Die meisten Beiträge aber behandeln weniger den Gegenstand als die Wirkungsgeschichte, wissenschaftssoziologische oder allgemein soziologische Fragen, wobei sie einen gewaltigen methodischen Überbau vor sich her tragen.

John C. McEnroes Aufsatz über die Geschichte der Ausgrabungen auf Kreta im politischen Umfeld der Vorkriegszeit 1898-1913, Louise Hitchcocks und Paul Koudounaris' Abrechnung mit Arthur Evans' Beton-Rekonstruktion von Knossos, sowie Donald Preziosis Essay über die Bedeutung des Museumsbetriebs als national[istisch]er Erziehungsanstalt sind dabei durchaus lesenswert. (Sein Hinweis auf die Freimaurerei als Ursprung des Museums-Gedankens hat mich ziemlich verblüfft.)

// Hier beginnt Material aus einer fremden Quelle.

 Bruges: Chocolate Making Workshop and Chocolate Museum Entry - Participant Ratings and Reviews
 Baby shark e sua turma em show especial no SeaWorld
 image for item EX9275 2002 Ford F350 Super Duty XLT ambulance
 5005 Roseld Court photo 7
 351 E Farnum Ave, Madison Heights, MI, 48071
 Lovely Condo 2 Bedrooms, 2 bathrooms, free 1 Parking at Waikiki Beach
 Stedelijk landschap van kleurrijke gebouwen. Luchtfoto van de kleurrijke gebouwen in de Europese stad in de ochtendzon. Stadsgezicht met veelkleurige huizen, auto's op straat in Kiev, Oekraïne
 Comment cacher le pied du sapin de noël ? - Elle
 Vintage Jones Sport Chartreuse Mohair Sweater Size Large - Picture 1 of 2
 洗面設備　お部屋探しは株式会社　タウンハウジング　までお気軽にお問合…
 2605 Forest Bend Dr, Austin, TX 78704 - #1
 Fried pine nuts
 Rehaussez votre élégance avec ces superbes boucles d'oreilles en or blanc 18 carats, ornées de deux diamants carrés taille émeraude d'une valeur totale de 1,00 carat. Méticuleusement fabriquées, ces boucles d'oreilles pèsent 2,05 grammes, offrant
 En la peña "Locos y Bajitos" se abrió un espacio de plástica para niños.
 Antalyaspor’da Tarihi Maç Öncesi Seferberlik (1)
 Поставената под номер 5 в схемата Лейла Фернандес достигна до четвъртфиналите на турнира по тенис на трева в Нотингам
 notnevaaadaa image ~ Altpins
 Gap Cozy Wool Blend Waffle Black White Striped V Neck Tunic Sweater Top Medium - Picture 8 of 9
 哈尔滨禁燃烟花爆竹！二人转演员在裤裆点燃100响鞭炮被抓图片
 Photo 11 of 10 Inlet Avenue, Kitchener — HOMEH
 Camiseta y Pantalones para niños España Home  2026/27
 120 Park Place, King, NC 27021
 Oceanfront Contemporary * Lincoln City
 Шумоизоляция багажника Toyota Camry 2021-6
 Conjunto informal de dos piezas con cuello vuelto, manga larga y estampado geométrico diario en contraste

Ein Negativbeispiel ist für mich ein Aufsatz von Carl Knappett, der die Keramikfunde mit der damaligen Gesellschaft in Beziehung setzen will, dafür einen riesigen soziologischen Schematismus aufbaut, und von Bourdieu über Durkheim und Malinowski alles bemüht, was einen soziologischen Namen hat, dies alles aber einfach nur dogmatisch behauptet. (Dies ist auch John Bennet aufgefallen, der - originell - als letzten Aufsatz dieses Sammelbandes gleich eine Buchbesprechung des Buches selbst liefert.)

Bei all dieser zur Schau getragenen methodischen Selbstreflektion fällt mir beispielsweise auf, dass Aleydis Van de Moortel sich in ihrem Beitrag zwar sehr darum bemüht, Keramikfunde in Beziehung zu setzen zu sozialen und politischen Verhältnissen, dabei aber "Kostenreduktion", "Profit", "Preis" und andere auf Geldwirtschaft bezogene ökonomische Begriffe verwendet, ohne klarzumachen, was diese Begriffe in Abwesenheit von Geld bedeuten. Wie kann ein eigenständiges ökonomisches Subsystem denn ohne eine durch Geld vermittelte Warenwirtschaft existierten? Vielleicht fehlt mir ja nur der wissenschaftliche Hintergrund, das zu verstehen. Oder aber die Selbstreflektion ist doch weniger voraussetzungsfrei als den Autoren klar ist.

Bewertung: Eine schwergewichtige Aufsatz­sammlung minoischer Archäologie, die ganz bewusst minoisch in Anführungszeichen schreibt. Es ist eine Streitschrift innerhalb des Wissen­schafts­betriebs, nicht einfach zu lesen, aber eröffnet Einblick darin, was aktuell debattiert wird. Mit Sicherheit nicht einfach das Gelbe vom Ei.